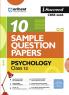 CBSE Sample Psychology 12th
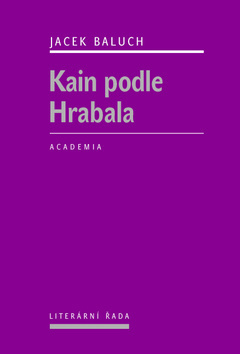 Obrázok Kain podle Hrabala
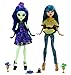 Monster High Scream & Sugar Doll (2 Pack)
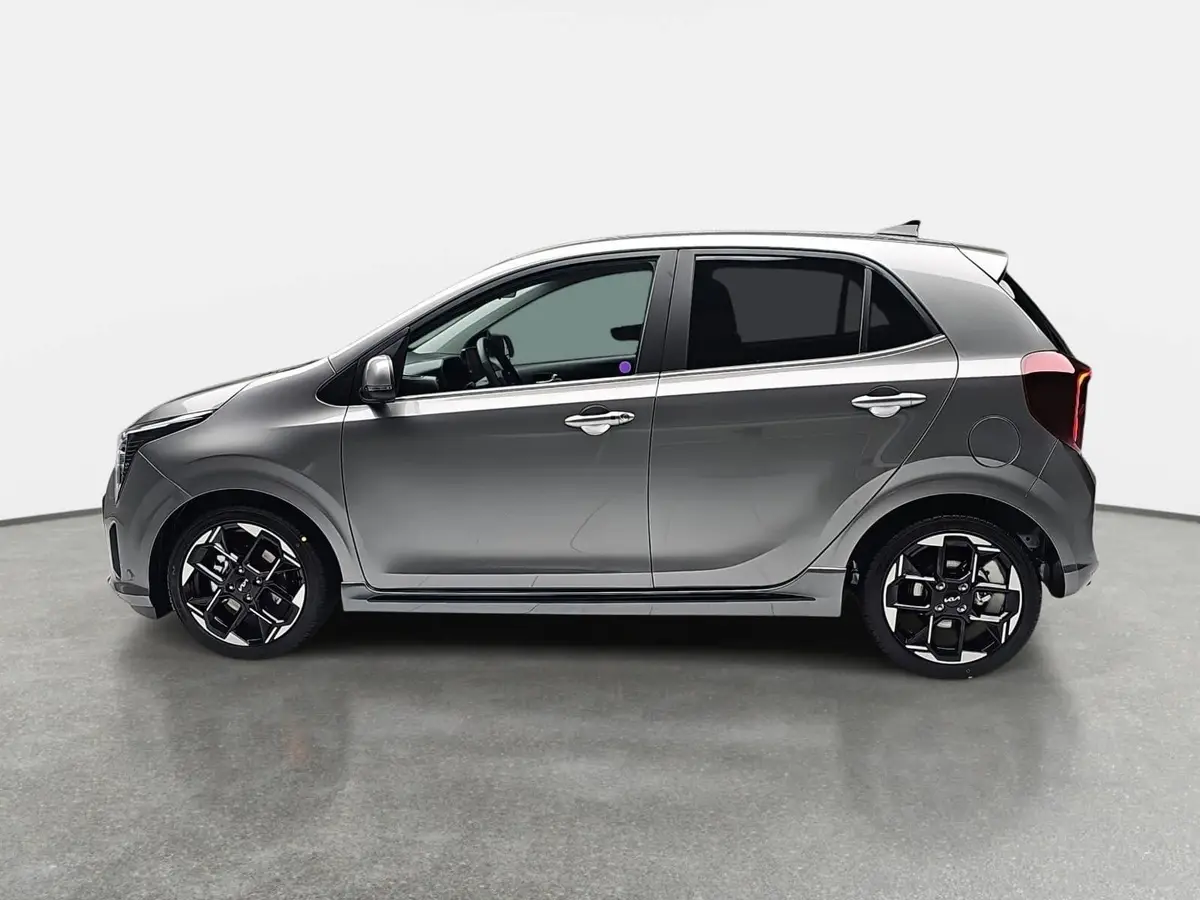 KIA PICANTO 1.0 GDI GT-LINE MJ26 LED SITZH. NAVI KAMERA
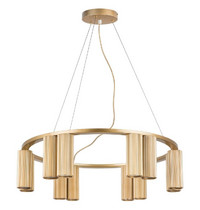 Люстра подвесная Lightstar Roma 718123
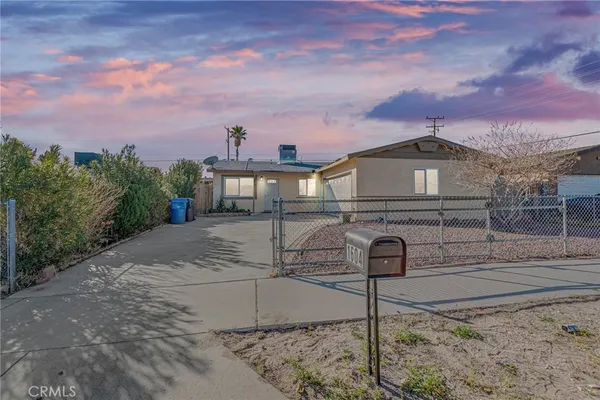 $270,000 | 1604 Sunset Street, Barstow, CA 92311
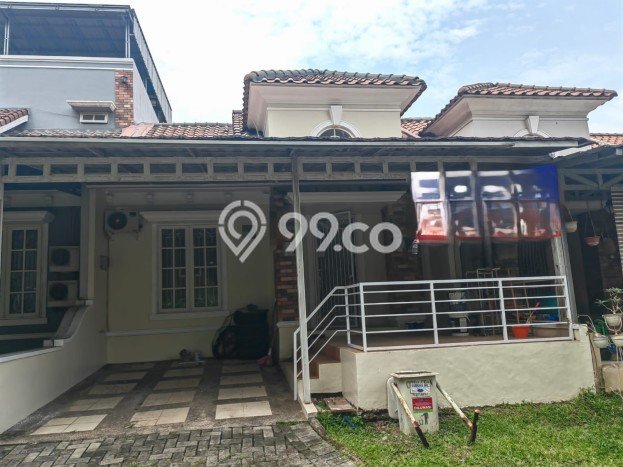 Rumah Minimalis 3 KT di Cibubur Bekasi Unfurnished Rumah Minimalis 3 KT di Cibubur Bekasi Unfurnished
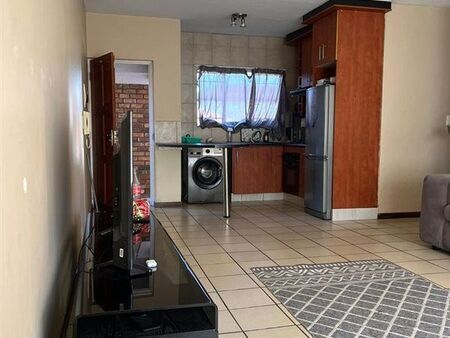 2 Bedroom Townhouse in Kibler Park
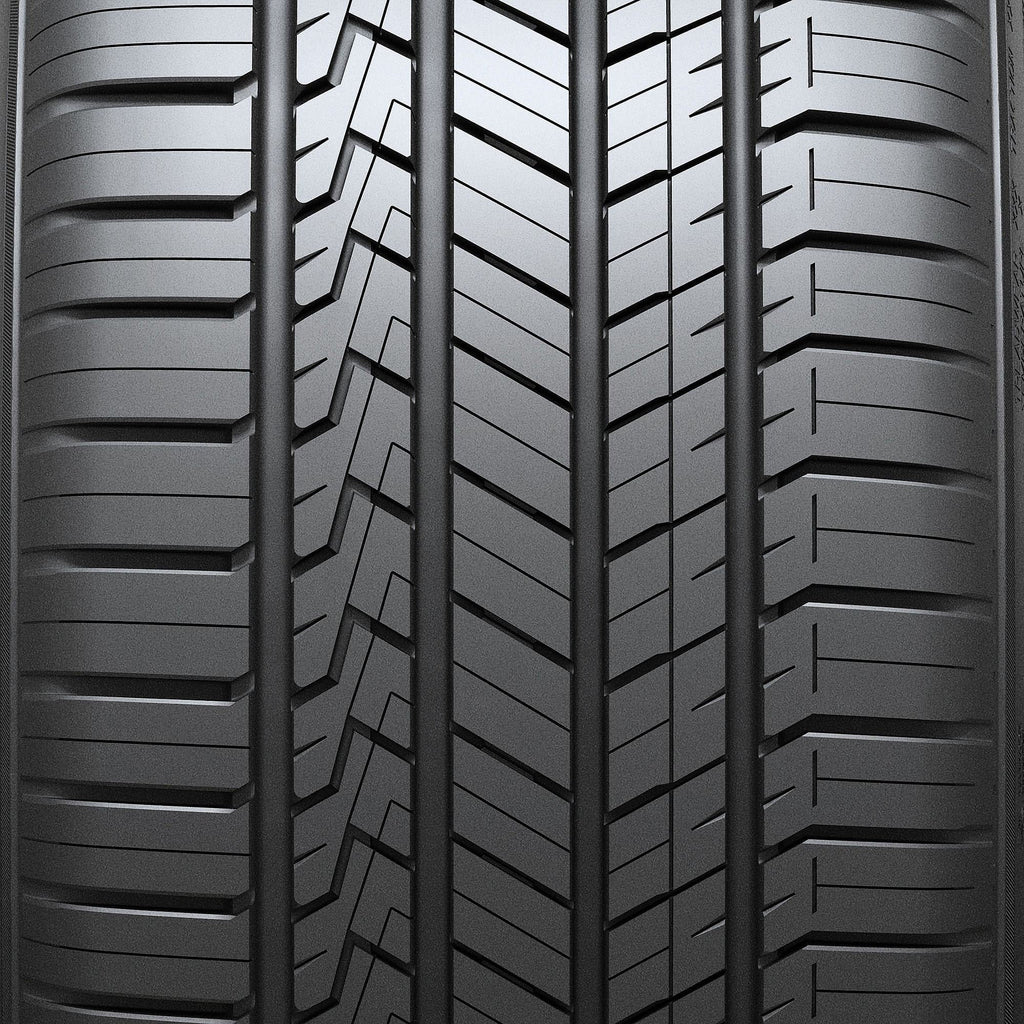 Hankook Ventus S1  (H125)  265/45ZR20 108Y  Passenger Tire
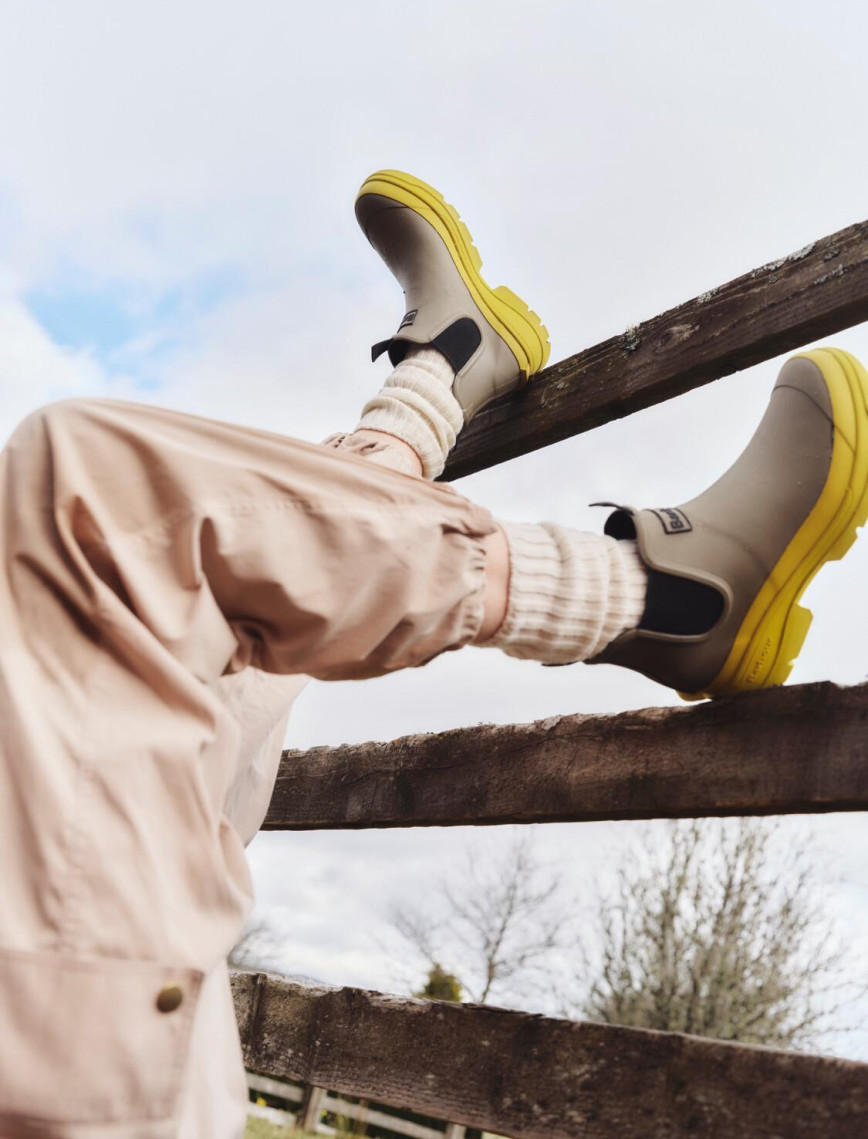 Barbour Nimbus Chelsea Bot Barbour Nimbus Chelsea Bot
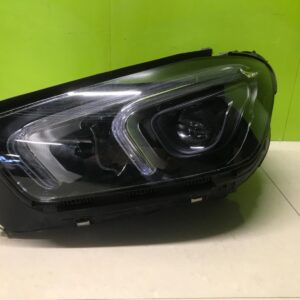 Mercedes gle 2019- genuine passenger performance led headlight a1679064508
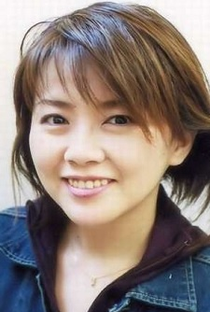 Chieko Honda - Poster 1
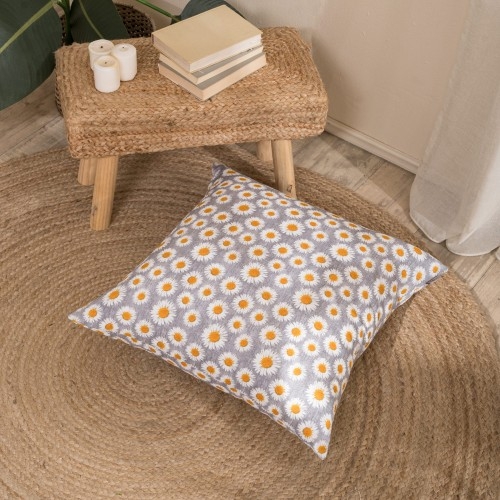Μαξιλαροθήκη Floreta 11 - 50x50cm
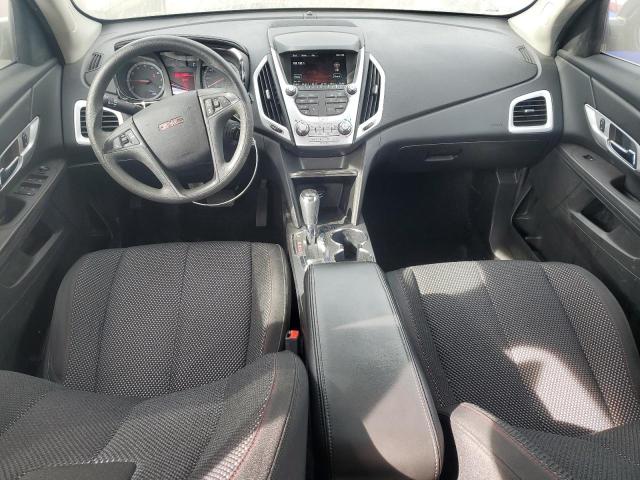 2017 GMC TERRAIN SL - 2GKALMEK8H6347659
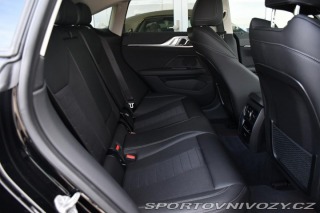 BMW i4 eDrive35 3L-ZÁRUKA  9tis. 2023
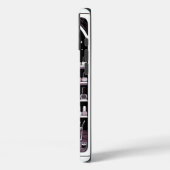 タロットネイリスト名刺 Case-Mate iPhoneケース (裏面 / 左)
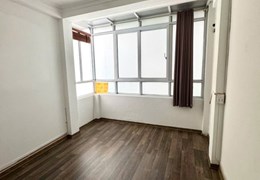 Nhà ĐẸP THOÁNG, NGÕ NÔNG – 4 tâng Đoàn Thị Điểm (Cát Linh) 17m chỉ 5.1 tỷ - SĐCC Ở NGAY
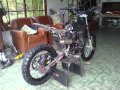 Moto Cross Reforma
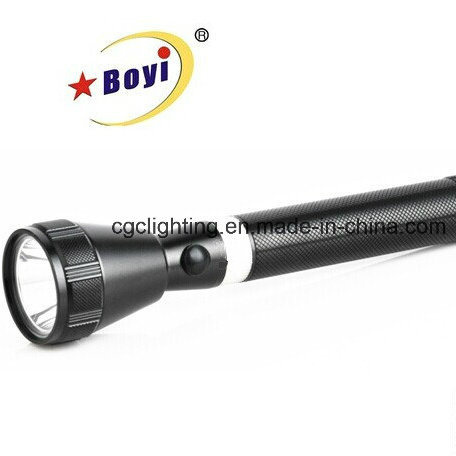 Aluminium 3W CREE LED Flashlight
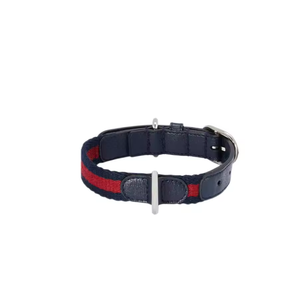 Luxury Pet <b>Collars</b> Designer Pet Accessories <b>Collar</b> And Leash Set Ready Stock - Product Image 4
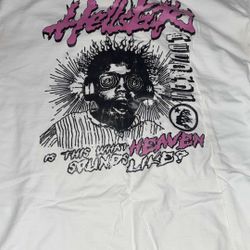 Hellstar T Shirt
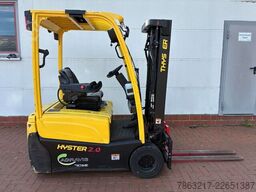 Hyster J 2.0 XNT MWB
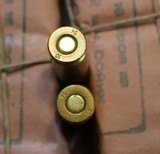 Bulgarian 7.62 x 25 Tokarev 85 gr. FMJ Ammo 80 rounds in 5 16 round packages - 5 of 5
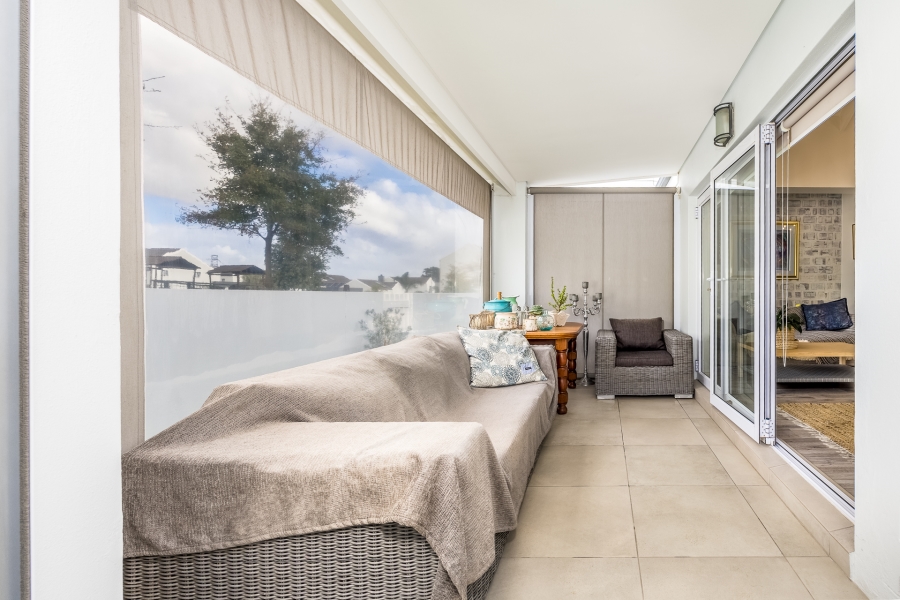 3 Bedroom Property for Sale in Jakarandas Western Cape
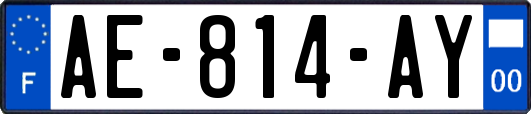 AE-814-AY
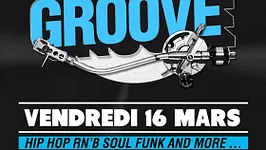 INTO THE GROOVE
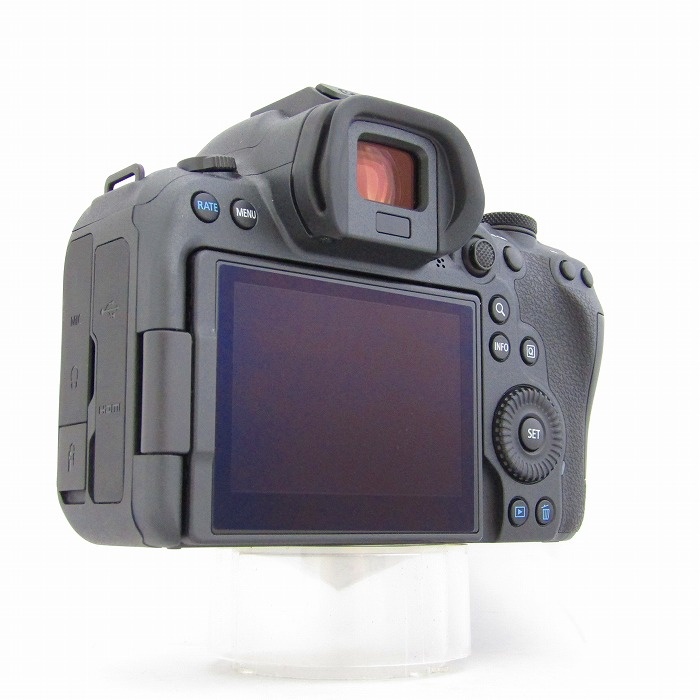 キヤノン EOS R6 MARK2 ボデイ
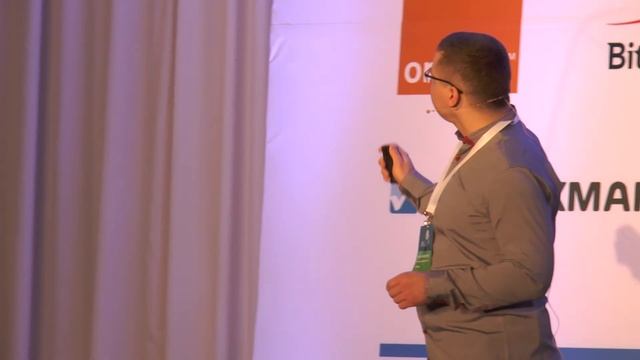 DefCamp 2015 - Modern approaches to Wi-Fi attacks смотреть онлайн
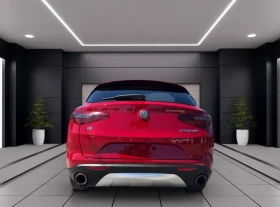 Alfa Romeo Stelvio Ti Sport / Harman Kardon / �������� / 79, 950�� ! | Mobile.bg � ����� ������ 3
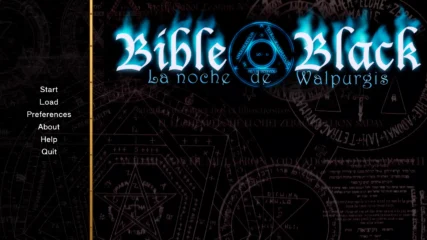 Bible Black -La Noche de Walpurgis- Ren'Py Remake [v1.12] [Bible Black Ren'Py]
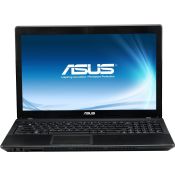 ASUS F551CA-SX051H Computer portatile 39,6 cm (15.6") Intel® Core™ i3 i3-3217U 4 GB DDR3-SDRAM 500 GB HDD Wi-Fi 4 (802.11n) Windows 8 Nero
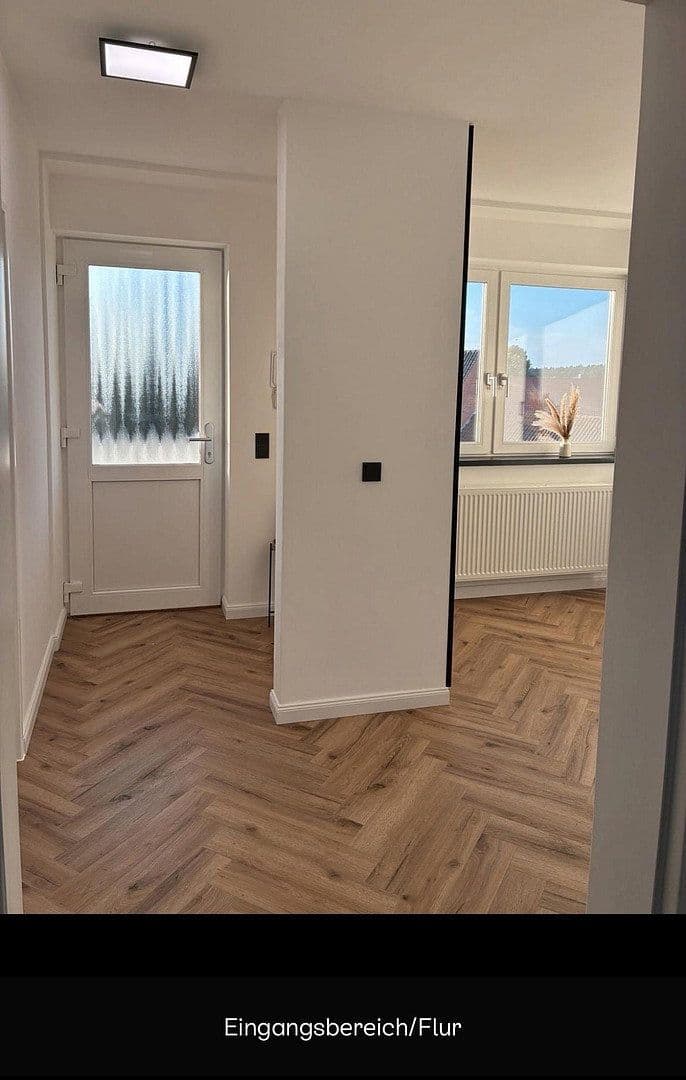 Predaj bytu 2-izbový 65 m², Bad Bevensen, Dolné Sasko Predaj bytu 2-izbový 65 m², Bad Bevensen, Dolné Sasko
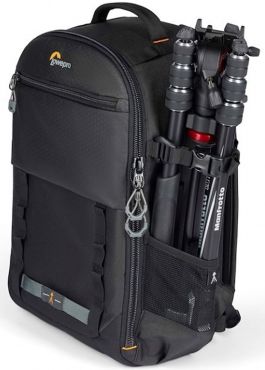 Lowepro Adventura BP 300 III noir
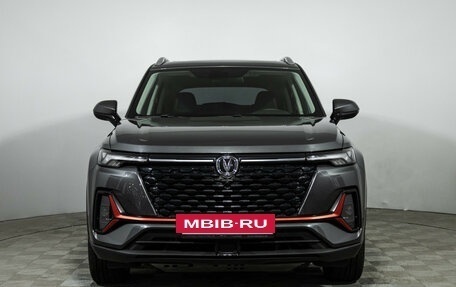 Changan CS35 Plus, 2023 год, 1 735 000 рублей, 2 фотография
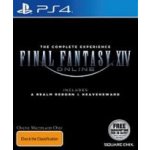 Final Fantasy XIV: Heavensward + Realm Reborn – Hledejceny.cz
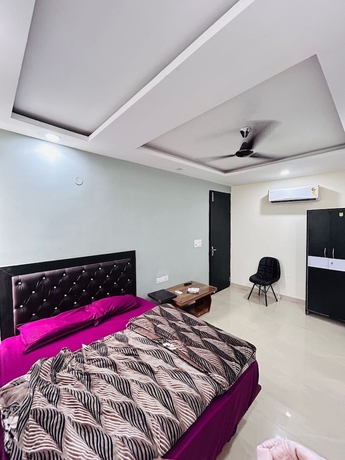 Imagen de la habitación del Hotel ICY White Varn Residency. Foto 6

# TASK GOAL:
Give back, exactly and without pictures, the stretch of the records above from the line containing "Barstow, CA 92311" through the line containing "Barbour Nimbus Chelsea Bot Barbour", with both end lines included.

# EXERCISE RESULT:
 $270,000 | 1604 Sunset Street, Barstow, CA 92311
 Rumah Minimalis 3 KT di Cibubur Bekasi Unfurnished Rumah Minimalis 3 KT di Cibubur Bekasi Unfurnished
 2 Bedroom Townhouse in Kibler Park
 Hankook Ventus S1  (H125)  265/45ZR20 108Y  Passenger Tire
 Barbour Nimbus Chelsea Bot Barbour Nimbus Chelsea Bot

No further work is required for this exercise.